And when you are done looking at this site for the Scots input on football world-wide, here are two more.
For those who literally want to trace on the ground the local development of Scots and Scottish football in our own and other countries there is the newly available and ever-expanding site of:
The Scots Football Historians' Group
And on Scottish sports history in general but inevitably including fitba', see Andy Mitchell's inestimable:
Estonia
Estonia's top league, the Meistriliiga, consists of ten clubs. It was founded in just 1992, so thirty years ago, but football in the country is far older. It has been played for well over a century. Of the current top clubs all but a couple are of modern vintage, about the same age as the league itself. And again of those same clubs half are in the capital, Tallinn but it is one of they that stands out. In fact it is the newest addition to the numbers, Tallinna Kalev, Tallinn-based as the name implies but, whilst re-established in 2002, in origins the best part of two decades older than any of its rivals.
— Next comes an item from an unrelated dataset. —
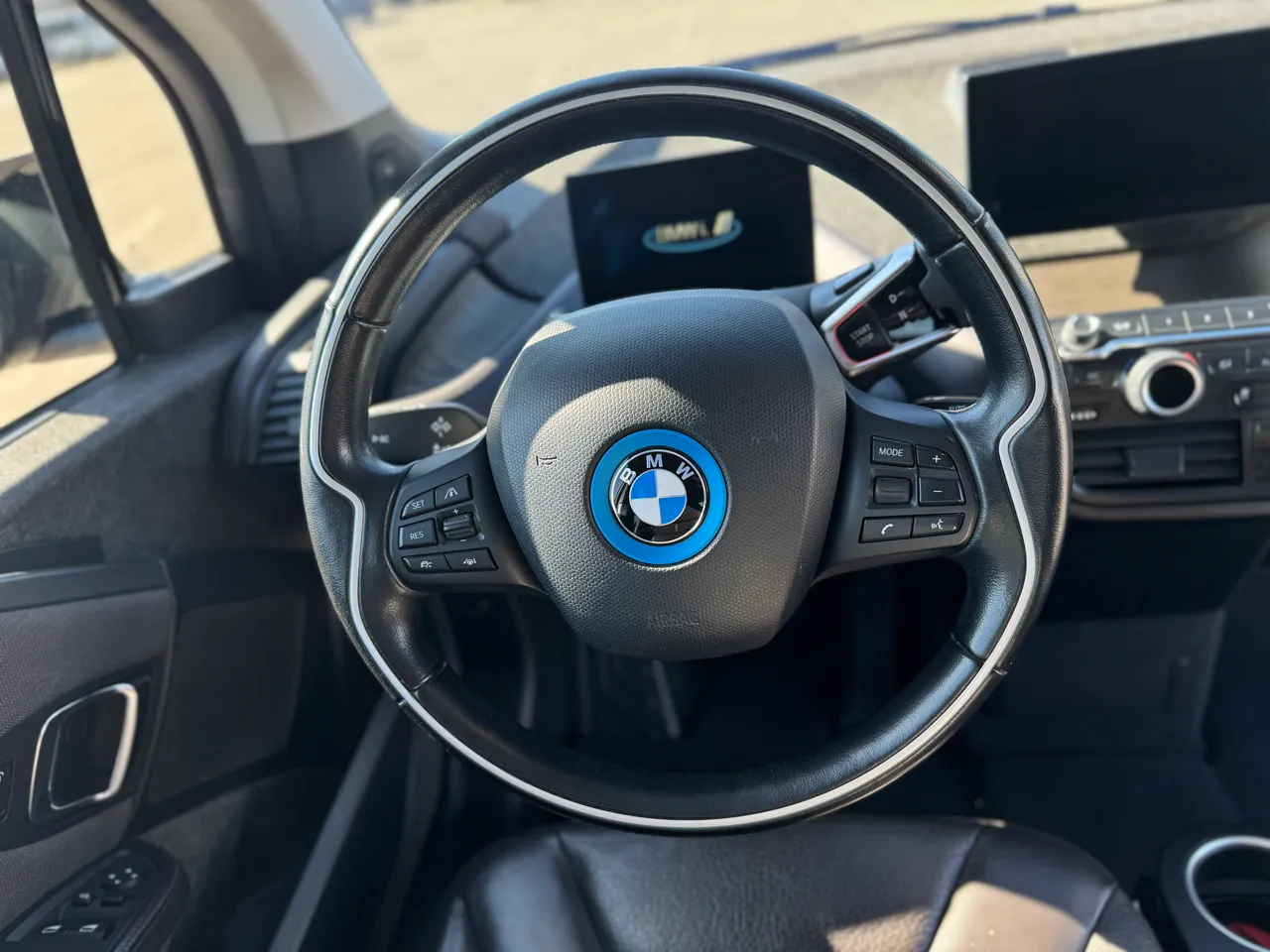 BMW i3 - фото 18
It was formed as Meteor in 1909, changing its name to Kalev in 1911. It was an original member of the Estonian Football Championship in 1921 and title-winner in 1923, 1925 and 1955 and its founders were said to be two students. But clearly neither knew too much about the game so they turned to someone that did. In fact he became the team's first coach and ordered its first kit, blue shirts and white shorts.
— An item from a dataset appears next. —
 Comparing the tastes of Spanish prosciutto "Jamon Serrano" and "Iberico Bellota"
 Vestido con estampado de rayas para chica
And if the kit colours have a familiar ring it is not coincidence. That first coach John Stormonth Urquhart and in the histories he is described as a Scottish flax merchant. Indeed by then "flax merchant" he might have been but given his probable far humbler beginnings it seems unlikely. A John Urquhart, John Stormonth sometime Stormont Urquhart, was born in 1868 in Backwynd in Forfar, the second, apparently illegitimate son of Agnes Urquhart. His elder brother, Alexander, was two years older and had the surname seemingly of Patterson. His mother was then working in the linen industry, later recorded as a domestic servant, and it is into more or less the same textile trade that John entered, moving to Arbroath in doing so. It was there that on the last day of 1890 he, aged twenty-two, married eighteen year-old Wilhelmina Brown, he listed as a flax-dresser, she a flax spinner, having spent his teenage-years in the second Golden Age of the Scottish game. Football came to Forfar in about 1880 and Arbroath a couple of years earlier still
And ten years later both he and Wilhelmina were still in Arbroath. But not, it seems a decade later still. At some point after 1906 and the birth of their fifth child and only son, also John Stormonth, in nearby Montrose it seems the family had moved briefly to Estonia. By then John Snr was a not a merchant but a Flax Inspector. And it was still as such that he was described back in the same town in 1921, where the deaths are recorded of one of the daughters, named Agnes presumably after her grandmother, and later that same year of Wilhelmina herself.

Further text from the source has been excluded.